§ **EXERCISE OBJECTIVE**
Write out the line that contains "Man reviewing bilingual" and every line after it through the end of the entries, exactly as given and with no other lines.

§ **SUPPLIED MATERIAL**
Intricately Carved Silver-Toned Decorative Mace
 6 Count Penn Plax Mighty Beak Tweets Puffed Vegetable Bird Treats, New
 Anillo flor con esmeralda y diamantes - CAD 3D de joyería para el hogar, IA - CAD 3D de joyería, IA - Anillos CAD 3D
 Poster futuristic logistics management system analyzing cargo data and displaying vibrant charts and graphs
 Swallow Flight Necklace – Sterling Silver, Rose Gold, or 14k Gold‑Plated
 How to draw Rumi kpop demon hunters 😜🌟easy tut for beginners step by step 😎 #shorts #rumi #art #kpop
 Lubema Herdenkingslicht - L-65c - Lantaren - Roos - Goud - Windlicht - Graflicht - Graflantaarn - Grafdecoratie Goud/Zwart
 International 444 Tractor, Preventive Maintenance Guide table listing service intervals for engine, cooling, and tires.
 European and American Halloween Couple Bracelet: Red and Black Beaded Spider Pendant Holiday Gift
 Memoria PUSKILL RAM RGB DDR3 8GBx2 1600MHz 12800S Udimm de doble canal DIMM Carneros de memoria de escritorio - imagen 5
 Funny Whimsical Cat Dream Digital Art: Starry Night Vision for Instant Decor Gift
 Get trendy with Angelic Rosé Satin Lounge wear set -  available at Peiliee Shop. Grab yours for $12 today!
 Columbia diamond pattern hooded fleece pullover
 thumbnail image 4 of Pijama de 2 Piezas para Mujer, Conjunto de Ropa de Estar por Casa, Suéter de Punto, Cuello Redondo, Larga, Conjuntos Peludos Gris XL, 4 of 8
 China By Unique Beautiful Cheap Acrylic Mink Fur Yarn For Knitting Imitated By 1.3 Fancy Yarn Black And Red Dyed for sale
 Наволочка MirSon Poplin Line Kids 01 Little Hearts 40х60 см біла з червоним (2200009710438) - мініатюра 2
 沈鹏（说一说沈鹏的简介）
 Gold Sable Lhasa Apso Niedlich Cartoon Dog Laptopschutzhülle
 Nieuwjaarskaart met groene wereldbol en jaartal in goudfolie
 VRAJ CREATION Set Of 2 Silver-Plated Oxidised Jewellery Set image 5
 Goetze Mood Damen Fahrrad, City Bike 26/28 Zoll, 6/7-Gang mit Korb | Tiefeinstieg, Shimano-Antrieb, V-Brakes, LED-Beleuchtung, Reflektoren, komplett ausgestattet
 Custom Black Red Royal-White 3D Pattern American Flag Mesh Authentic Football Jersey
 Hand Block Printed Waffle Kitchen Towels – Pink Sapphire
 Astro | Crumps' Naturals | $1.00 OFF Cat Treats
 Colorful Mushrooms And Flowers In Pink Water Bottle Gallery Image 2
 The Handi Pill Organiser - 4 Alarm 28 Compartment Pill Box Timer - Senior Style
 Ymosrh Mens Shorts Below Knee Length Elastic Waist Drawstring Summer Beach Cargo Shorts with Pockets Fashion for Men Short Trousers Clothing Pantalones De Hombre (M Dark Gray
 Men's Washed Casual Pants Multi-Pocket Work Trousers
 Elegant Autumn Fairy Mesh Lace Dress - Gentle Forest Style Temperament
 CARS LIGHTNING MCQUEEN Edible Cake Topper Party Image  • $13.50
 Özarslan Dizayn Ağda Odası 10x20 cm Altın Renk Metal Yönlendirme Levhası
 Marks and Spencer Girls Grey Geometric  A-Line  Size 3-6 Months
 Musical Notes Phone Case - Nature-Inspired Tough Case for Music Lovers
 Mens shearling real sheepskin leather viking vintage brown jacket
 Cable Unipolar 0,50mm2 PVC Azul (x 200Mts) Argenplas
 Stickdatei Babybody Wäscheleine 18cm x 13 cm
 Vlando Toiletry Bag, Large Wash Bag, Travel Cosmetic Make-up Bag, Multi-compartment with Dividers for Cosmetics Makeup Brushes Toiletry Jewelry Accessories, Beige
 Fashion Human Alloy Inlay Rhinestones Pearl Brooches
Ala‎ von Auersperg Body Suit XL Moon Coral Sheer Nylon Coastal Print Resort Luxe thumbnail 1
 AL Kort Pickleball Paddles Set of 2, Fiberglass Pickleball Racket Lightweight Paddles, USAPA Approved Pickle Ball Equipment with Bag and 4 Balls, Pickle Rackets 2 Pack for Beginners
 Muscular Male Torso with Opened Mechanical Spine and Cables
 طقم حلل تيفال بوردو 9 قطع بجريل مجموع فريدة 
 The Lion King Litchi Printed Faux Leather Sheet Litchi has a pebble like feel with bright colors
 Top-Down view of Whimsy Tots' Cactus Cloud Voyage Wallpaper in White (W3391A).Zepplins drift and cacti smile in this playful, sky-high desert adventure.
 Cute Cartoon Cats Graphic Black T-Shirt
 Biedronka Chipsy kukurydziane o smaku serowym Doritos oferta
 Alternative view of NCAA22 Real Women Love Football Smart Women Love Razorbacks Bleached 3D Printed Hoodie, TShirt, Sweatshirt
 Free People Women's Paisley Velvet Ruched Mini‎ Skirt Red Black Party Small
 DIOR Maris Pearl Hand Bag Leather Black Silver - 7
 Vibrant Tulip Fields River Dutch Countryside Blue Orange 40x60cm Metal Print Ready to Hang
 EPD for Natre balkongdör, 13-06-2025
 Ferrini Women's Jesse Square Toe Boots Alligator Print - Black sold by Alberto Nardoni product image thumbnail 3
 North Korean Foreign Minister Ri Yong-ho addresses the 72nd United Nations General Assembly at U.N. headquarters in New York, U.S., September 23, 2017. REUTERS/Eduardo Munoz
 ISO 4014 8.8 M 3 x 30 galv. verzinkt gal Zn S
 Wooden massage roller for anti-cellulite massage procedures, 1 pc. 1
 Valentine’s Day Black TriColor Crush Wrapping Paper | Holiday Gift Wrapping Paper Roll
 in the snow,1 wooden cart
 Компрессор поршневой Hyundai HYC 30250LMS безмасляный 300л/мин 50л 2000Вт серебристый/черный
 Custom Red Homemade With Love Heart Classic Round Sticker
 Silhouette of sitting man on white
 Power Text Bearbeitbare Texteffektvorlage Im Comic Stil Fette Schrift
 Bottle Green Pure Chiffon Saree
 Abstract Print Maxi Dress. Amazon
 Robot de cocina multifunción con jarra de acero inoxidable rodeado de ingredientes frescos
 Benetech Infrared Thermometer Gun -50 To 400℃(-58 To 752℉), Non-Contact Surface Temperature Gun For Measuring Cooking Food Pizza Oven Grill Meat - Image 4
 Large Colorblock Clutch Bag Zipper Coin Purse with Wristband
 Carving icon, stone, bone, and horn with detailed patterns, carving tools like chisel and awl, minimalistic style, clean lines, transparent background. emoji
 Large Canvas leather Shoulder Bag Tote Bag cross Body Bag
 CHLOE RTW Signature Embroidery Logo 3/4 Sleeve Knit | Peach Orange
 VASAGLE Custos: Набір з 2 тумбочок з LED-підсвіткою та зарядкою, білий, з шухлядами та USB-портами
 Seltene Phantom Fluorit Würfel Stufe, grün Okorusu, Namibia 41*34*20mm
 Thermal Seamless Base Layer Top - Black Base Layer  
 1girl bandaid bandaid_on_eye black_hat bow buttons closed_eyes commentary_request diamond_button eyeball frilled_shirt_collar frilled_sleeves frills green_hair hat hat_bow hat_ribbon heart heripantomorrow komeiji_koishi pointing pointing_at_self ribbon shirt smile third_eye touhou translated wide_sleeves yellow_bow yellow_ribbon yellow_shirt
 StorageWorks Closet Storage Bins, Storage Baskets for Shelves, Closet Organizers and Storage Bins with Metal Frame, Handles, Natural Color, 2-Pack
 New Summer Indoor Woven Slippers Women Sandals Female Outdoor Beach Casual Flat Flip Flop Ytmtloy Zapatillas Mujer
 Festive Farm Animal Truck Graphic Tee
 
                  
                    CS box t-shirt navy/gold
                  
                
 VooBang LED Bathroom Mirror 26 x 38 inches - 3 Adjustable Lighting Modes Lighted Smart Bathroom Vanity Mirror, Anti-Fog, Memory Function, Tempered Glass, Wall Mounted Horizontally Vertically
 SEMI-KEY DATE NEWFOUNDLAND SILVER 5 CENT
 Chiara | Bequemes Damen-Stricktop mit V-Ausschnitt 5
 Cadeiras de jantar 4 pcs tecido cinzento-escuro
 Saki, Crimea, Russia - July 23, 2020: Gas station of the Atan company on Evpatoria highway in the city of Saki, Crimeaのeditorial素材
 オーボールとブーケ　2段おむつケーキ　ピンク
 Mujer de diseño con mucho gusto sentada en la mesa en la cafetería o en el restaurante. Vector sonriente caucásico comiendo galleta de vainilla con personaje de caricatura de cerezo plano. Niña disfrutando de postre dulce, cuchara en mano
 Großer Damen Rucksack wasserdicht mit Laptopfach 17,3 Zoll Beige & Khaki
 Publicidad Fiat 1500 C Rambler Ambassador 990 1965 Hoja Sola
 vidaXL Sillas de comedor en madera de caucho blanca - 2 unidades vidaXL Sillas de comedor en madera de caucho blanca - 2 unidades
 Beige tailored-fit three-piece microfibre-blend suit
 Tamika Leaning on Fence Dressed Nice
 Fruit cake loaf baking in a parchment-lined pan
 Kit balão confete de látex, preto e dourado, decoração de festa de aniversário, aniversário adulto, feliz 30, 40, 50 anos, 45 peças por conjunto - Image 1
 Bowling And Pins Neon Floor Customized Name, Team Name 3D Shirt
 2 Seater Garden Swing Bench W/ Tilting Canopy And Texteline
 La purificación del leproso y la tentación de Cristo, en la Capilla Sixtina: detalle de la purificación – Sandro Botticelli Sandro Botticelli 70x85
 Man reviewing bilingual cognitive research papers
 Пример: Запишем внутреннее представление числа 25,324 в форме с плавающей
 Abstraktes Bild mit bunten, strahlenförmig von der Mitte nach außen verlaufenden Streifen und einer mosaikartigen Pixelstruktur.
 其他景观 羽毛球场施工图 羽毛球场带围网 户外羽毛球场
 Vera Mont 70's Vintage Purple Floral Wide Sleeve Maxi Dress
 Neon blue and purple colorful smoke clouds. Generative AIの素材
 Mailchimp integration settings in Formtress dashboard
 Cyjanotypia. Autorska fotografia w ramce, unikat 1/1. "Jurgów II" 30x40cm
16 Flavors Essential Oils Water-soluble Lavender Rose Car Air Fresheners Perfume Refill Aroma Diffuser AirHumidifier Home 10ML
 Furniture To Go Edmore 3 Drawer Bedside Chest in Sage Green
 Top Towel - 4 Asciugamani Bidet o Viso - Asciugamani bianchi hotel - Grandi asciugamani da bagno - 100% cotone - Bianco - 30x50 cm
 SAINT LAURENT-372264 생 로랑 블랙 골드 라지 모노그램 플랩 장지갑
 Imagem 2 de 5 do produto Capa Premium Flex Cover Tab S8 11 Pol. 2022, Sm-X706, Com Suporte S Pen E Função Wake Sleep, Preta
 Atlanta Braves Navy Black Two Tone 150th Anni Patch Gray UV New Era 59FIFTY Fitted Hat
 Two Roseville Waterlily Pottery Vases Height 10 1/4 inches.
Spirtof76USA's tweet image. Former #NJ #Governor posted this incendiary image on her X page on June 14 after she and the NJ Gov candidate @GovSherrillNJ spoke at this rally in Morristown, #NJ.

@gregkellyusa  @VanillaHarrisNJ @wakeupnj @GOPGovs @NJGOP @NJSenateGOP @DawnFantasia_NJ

§ **RESULT OF THE EXERCISE**
 Man reviewing bilingual cognitive research papers
 Пример: Запишем внутреннее представление числа 25,324 в форме с плавающей
 Abstraktes Bild mit bunten, strahlenförmig von der Mitte nach außen verlaufenden Streifen und einer mosaikartigen Pixelstruktur.
 其他景观 羽毛球场施工图 羽毛球场带围网 户外羽毛球场
 Vera Mont 70's Vintage Purple Floral Wide Sleeve Maxi Dress
 Neon blue and purple colorful smoke clouds. Generative AIの素材
 Mailchimp integration settings in Formtress dashboard
 Cyjanotypia. Autorska fotografia w ramce, unikat 1/1. "Jurgów II" 30x40cm
16 Flavors Essential Oils Water-soluble Lavender Rose Car Air Fresheners Perfume Refill Aroma Diffuser AirHumidifier Home 10ML
 Furniture To Go Edmore 3 Drawer Bedside Chest in Sage Green
 Top Towel - 4 Asciugamani Bidet o Viso - Asciugamani bianchi hotel - Grandi asciugamani da bagno - 100% cotone - Bianco - 30x50 cm
 SAINT LAURENT-372264 생 로랑 블랙 골드 라지 모노그램 플랩 장지갑
 Imagem 2 de 5 do produto Capa Premium Flex Cover Tab S8 11 Pol. 2022, Sm-X706, Com Suporte S Pen E Função Wake Sleep, Preta
 Atlanta Braves Navy Black Two Tone 150th Anni Patch Gray UV New Era 59FIFTY Fitted Hat
 Two Roseville Waterlily Pottery Vases Height 10 1/4 inches.
Spirtof76USA's tweet image. Former #NJ #Governor posted this incendiary image on her X page on June 14 after she and the NJ Gov candidate @GovSherrillNJ spoke at this rally in Morristown, #NJ.

@gregkellyusa  @VanillaHarrisNJ @wakeupnj @GOPGovs @NJGOP @NJSenateGOP @DawnFantasia_NJ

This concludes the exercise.